[Records drawn from a dataset]

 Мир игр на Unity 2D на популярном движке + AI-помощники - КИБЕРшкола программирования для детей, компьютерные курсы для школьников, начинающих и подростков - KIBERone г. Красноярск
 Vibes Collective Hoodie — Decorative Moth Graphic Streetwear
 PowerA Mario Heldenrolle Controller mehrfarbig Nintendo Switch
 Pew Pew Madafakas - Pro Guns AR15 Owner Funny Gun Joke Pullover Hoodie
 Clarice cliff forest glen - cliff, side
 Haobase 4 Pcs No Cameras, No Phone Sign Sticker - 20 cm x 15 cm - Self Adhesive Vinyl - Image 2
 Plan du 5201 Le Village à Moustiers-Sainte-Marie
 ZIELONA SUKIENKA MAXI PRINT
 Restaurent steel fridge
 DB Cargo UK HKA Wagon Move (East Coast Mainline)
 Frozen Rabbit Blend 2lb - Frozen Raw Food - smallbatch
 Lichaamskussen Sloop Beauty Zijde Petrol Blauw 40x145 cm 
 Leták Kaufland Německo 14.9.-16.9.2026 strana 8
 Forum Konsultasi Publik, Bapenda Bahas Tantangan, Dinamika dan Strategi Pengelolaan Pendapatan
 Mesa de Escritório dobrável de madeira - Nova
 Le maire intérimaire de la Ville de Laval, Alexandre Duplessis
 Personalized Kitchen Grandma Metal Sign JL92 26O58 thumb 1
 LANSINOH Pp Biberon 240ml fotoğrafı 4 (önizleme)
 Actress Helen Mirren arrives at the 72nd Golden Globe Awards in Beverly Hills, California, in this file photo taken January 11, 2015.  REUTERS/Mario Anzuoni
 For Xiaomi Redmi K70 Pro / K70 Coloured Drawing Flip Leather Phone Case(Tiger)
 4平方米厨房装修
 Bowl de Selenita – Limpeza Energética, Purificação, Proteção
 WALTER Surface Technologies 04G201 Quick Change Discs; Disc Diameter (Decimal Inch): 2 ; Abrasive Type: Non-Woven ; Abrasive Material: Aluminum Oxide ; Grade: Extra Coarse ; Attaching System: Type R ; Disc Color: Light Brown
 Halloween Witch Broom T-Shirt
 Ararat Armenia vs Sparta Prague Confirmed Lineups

▶ To do: Filter the records above down to the lines that hold the string "Sign".

▶ Exercise solution:
 Haobase 4 Pcs No Cameras, No Phone Sign Sticker - 20 cm x 15 cm - Self Adhesive Vinyl - Image 2
 Personalized Kitchen Grandma Metal Sign JL92 26O58 thumb 1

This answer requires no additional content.